You are currently viewing De la nécessité du nationalisme en Amérique

De la nécessité du nationalisme en Amérique

Par Nathan Pinkoski chercheur et directeur du programme académique du Zephyr Institute

Quand un intellectuel d’outre Atlantique s’interroge sur le nationalisme et invoque, pour étayer sa réflexion, l’Action Française, Charles Maurras et Axel Tisserand (NDLR)

(Article paru dans la revue First Things : https://www.firstthings.com/article/2021/11/the-necessity-of-nationalism)

Ceux qui sont impliqués dans les débats autour du nationalisme américain trouveront dans le livre sceptique de Samuel Goldman « Après le nationalisme : être américain dans une époque de division, » une lecture rafraichissante. Loin de l’hystérie, l’exercice historique sobre et succinct de Goldman propose une critique solide et appuyée sur la science politique des nationalistes américains actuels. Il réussit moins cependant comme critique du nationalisme. En fait Goldman en démontre même finalement la pertinence.

Le livre critique d’abord les défenseurs idéalistes du nationalisme. Goldman atteint son objectif en ciblant deux journalistes :  Rich Lowry   à la National Review et Ramesh Ponnuru. En réponse, aux résultats de l’élection de 2016, Lowry et Ponnuru faisaient partie de ceux qui ont parlé du besoin d’une cohésion nationale et argumentent en faveur d’un nouveau nationalisme américain. Pourtant pour éviter les critiques et se distancer eux-mêmes des politiques et des hommes politiques de 2016, ils expriment leurs propositions en restant dans une forte abstraction. Goldman observe que leurs propositions s’appuient sur des formules plutôt émotionnelles et bien intentionnées qu’il est difficile de réfuter car on ne peut déceler d’un point de vue pragmatique ce qu’elles impliquent clairement.

Goldman soutient que notre adhésion au nationalisme requiert une plus grande recherche historique –il examine trois paradigmes nationalistes qui se sont développés aux États-Unis. Le paradigme de la Convention née de la Nouvelle-Angleterre puritaine du 18ème siècle définissant l’Amérique comme un peuple anglais doté d’une mission divine. Le paradigme du Creuset qui a triomphé au début du vingtième siècle regardant l’Amérique comme un « melting-pot » de différentes nations et religions reforgées pour faire une nation. Pour finir le paradigme du Credo de l’Amérique unie par un socle de croyances autour de la liberté et de l’égalité qui soudait l’Amérique durant les années 1940 et 1950 face aux totalitarismes du nazisme et du communisme.

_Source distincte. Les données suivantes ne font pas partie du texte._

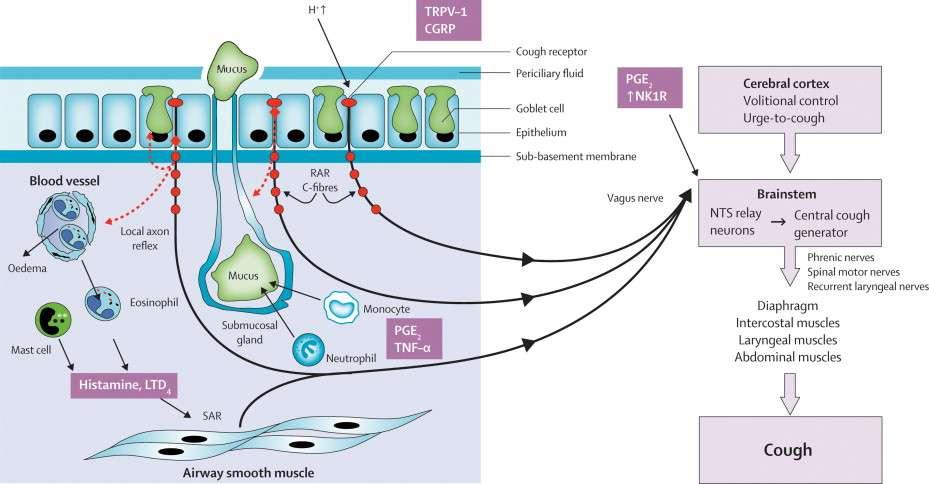 Irritant receptors:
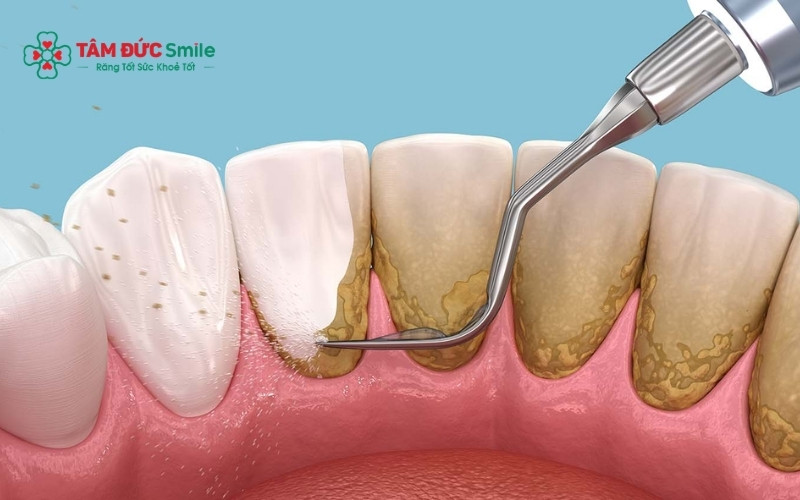 Các phương pháp tại nhà chỉ có tác dụng với mảng bám mới, không thể loại bỏ hoàn toàn cao răng lâu năm đã hóa thạch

Goldman explique que chacun de ces paradigmes étaient basés sur des idéaux tentant d’adapter la réalité politique fragmentée de l’Amérique. Ces quêtes pour une unité nationaliste n’ont pas su tenir compte de la fragmentation plurielle et persistante, elles ont donc échoué. En outre, au contraire de la plupart des nationalistes actuels, ces trois projets nationalistes n’évitaient pas les dilemmes moraux et politiques qui étaient liés à la quête du renforcement national. Goldman explique que les nouveaux nationalistes ne se confrontent pas à ces dilemmes et donc ne pourront jamais atteindre le niveau de consensus et de stabilité auxquels ils aspirent. En allant plus loin, on pourrait noter qu’en s’extasiant sur ces vieux paradigmes, les nouveaux nationalistes révèlent une tournure d’esprit romantique et même nostalgique trahissant leur manque de sérieux concernant les réalités présentes.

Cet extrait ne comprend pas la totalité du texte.